Obviously, the solution is to sit downstairs in the orchestra WHEN or IF tickets are available there. What happens, however, when they are not? That was my experience recently when trying to purchase tickets for an especially in-demand production.
The orchestra seats were sold out, but available that morning were half-price, day-of-sale tickets.
Good, right? Wrong.
All those seats were in the mezzanine. I anticipated a problem, but honestly expected to broker a sensible solution.
First, I spoke to a manager, by phone, at the site of purchase, to make what I considered to be a reasonable request. Couldn’t she simply put a chair of any kind downstairs at the rear of the orchestra (or anywhere) so my wife did not have to (which she wasn’t able to) traverse the long staircase upstairs?
I was told no, “sorry, but no.”
I tried again by phone, through a very courteous ticket agent, to reiterate the request to someone who I was told was a different manager.
The answer, again, was no.
This is disturbing on a number of levels: (1) Barrington Stage prides itself (or so they say) on making theater available to everyone; (2) I’m assuming that, like most arts groups, Barrington Stage receives some level of federal or state funding, which means that they should fall under ADA rules. Even IF they don’t, there is an ethical, if not legal, responsibility to address the above issue.
Their failure to do so is especially disappointing, in light of the fact that THREE other cultural groups in the area all assisted my wife with seating, without even being asked.
Ironically, in a different theater, only 20 miles further in Williamstown, the play being performed, “Cost of Living,” centers on how the larger culture interacts with the disabled community.

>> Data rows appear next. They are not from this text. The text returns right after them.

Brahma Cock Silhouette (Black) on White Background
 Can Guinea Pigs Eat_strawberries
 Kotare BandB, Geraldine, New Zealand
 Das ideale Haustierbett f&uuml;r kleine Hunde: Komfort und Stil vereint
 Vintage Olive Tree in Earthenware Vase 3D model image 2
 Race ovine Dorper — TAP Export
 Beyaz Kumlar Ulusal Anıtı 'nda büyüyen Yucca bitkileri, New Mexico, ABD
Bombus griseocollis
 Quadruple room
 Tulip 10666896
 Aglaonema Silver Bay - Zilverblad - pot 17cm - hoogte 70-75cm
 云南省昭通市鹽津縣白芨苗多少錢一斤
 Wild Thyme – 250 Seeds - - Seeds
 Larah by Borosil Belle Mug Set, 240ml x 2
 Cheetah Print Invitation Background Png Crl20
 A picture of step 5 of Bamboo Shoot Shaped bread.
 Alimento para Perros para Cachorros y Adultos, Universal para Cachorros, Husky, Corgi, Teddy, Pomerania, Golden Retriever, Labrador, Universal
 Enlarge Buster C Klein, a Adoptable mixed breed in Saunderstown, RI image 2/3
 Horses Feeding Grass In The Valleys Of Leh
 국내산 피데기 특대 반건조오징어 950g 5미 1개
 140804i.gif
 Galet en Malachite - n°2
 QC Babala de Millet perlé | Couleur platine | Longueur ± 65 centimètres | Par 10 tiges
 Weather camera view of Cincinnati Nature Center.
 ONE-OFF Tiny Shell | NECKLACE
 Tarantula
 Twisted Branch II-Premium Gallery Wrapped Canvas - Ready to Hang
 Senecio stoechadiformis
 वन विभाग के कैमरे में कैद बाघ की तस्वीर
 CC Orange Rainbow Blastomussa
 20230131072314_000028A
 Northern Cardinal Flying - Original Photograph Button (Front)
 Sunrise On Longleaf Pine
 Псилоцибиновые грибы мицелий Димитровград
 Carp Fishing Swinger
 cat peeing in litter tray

Those who run Barrington Stage should see it; the experience could help make them aware of what I saw: the consequences of what happens when those who are “able” are intransigent toward those who are not.
My wife’s disability is, as I said, temporary. I can only imagine how those whose disabilities are permanent navigate similar scenarios each and every day of their lives.
Since initially writing this as a “Letter to the Editor” to the local newspaper — “The Berkshire Eagle” — I received a response that they wouldn’t print it.
Why? Because it wouldn’t be “fair” to the theater.
The paper apparently reached out to the theater’s management, who responded they couldn’t put in one extra chair because it would violate a fire law, and they could be fined.
My response: That’s a specious argument. I disagree. ONE chair makes a fire violation? Come on. What they did was an ethical violation, if not a legal one.
In addition, I also believe that, from a journalistic perspective, you have not done due diligence. Why don’t they have an elevator? Do they accept federal funds? (They do.)
As noted in a 2014 news release: “Barrington Stage Company receives $10,000 Art Works Grant from National Endowment for the Arts (NEA) in support of Dancing Lessons, a world premiere by Mark St. Germain.”
With that said, do they fall under ADA regulations/laws? Good question. Why not ask it?
There’s a story here, Berkshire Eagle. You missed it. You especially missed the larger issue contained within my attempt to broker a broader conversation. Why can other arts groups do the right thing without even being asked? Aren’t they subject to the same “fire laws?”
They’re not off the hook and neither are you, regarding your responsibility to broker that conversation. If the discussion (that’s what journalism is about, correct?) led to the conclusion you’ve reached OR your own research did so, then that’s fair.
Taking their word for it is not.
I appreciate, as I hope Berkshire Eagle readers do, that there are avenues other than mainstream media through which to broker discussion.
One of the most important issues to discuss is how we treat — or, in some cases, mistreat — those who do not enjoy all the privileges of good health so many of us take for granted.
Dr. Tony Silvia is an author, lecturer and professor of journalism and media studies at the University of South Florida St. Petersburg. His most recent book is “Robert Pierpoint: A Life at CBS News.”